Mode has been acknowledged as a solid cue for emotional expression in Western music since the pioneering days of Hevner [25] who established that music played in the major mode typically leads to happy and graceful expression, whereas music played in the minor mode to sad and dignified. More recent research has added little to this distinction [2629], except to show that although young children can potentially make the distinction between the major mode and the minor mode and what these may signify in terms of emotion [30], it is a cue they need to learn before they are able to harness it in emotion recognition [31]. With regard to the question of how universal the affective distinction between major/minor is when taken outside the Western context, a recent study [32] found that Chinese listeners do make the Western-style affective distinction, that is, the major mode was linked to positive and high arousal, whereas minor was associated with negative and low arousal, although this was influenced by previous exposure to Western music. When non-Western participants who have no exposure to Western music—such as the Mafa tribe members in Cameroon [5]—provide answers to emotion recognition task using music in both major and minor mode, the results suggest that the mode of the piece is linked to the recognition. Both Westerners and Mafas classified the majority of major pieces as happy, the majority of pieces with indefinite mode as sad, and most of the pieces in minor as scared/fearful. However, this finding cannot be attributed to mode alone, particularly when other cues in music (tempo, timbre, note density, etc.) co-varied with mode. There is no evidence that Mafa music is organised according to major/minor mode and the recognition and the awareness for these pitch structural differences was not verified.

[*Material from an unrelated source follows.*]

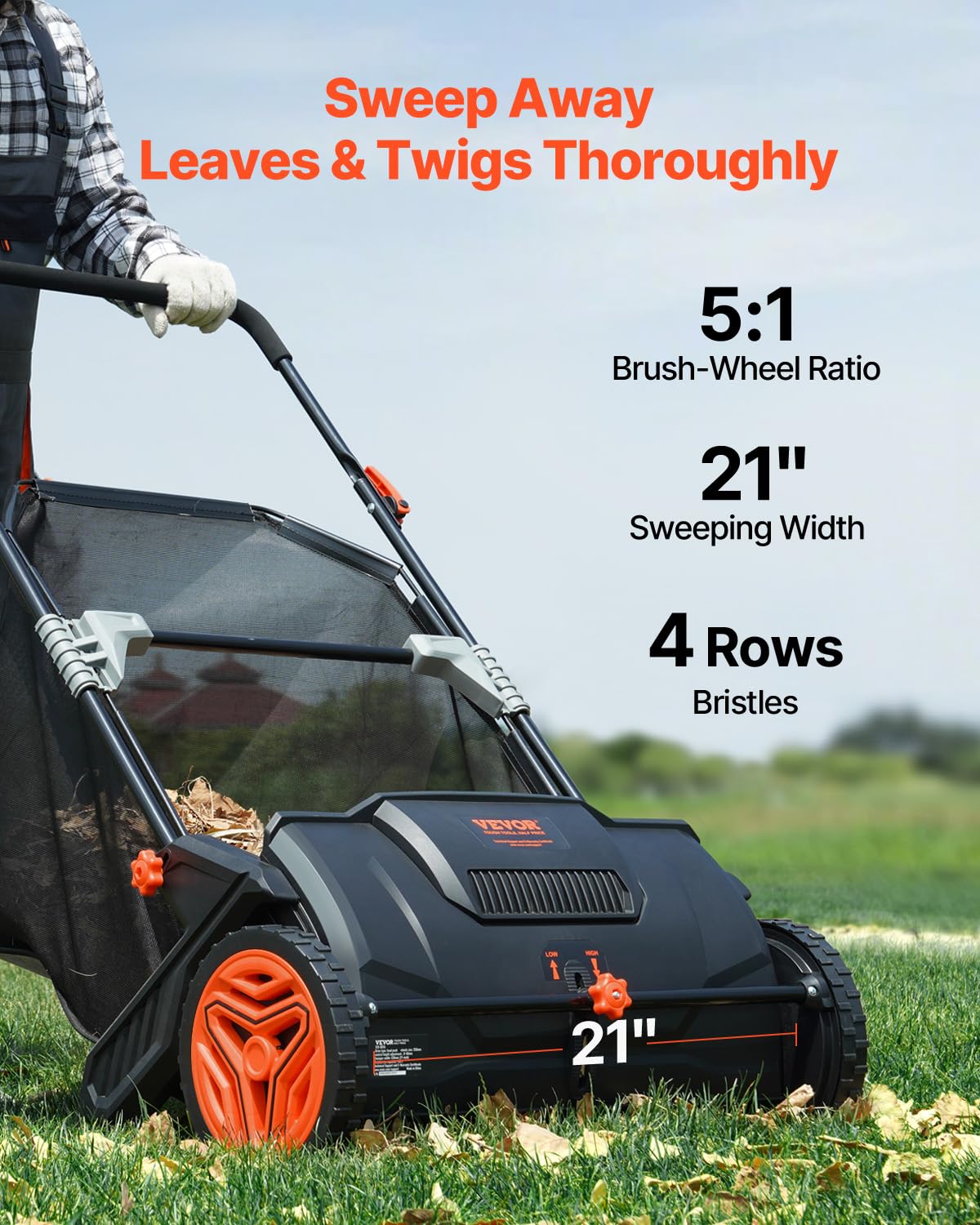 VEVOR Push Lawn Sweeper, 21-inch Leaf & Grass Collector, Strong Wheels & Heavy Duty Thickened Steel Durable to Use with Large Capacity 3.5 cu. ft. Mesh Collection Hopper Bag, 2 Spinning Brushes VEVOR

We presume that the major-minor distinction and its association with specific emotions is a Western cultural convention, and that it will have limited utility in communicating emotions in a cross-cultural setting if no additional cues are offered. Historically, the major-happy/minor-sad association in Western music dates back to the 14th century and its origins are disputed [33]. It has been suggested that in Western music the major mode is perceived as a standard form as opposed to the minor mode because music in major keys is more common, and that this is in turn would be due to the major triad’s closer similarity to the harmonic series [34, 35]. Two theoretical ideas have been put forward for why the minor mode in particular might lead to emotional expression consistent with sadness. The first theory relates to the properties of speech that link minor mode and sadness [36]. The second theory is relevant to the structure of melodies, in which the minor mode lends itself to the use of smaller intervals than the major mode, as small intervals are characteristic of sadness in speech [37]. Despite these two theoretical notions, which are backed up by some empirical observations, the direct evidence of the utility of mode in emotional expression in non-Western music has not been collected even if observations about mode as a universal cue in emotion recognition have been made [5].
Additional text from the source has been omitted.